§ Source information:
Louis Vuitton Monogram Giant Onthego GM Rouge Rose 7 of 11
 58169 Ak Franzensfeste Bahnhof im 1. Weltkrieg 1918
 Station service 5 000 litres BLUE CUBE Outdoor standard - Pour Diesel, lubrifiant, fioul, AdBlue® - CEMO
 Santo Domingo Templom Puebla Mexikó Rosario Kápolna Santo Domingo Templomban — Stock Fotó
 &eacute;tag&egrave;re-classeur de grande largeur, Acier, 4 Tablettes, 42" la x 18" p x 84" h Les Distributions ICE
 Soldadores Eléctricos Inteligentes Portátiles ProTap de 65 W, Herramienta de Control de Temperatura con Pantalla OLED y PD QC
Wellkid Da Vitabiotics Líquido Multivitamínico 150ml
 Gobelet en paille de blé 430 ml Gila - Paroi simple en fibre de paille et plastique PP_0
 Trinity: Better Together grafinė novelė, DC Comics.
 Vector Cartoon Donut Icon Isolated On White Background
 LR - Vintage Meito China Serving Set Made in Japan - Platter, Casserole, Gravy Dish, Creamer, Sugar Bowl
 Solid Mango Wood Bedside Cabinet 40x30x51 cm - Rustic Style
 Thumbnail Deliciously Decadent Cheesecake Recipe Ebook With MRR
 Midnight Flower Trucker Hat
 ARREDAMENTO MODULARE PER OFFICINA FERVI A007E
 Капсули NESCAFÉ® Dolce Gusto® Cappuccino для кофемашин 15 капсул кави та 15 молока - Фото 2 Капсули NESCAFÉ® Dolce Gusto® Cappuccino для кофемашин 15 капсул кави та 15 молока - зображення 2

§ What the exercise asks: Extract the lines of the preceding material that run from the line with "Santo Domingo Templom Puebla" through the line with "Les Distributions ICE", inclusive, reproducing them exactly and adding nothing.

§ Exercise output:
 Santo Domingo Templom Puebla Mexikó Rosario Kápolna Santo Domingo Templomban — Stock Fotó
 &eacute;tag&egrave;re-classeur de grande largeur, Acier, 4 Tablettes, 42" la x 18" p x 84" h Les Distributions ICE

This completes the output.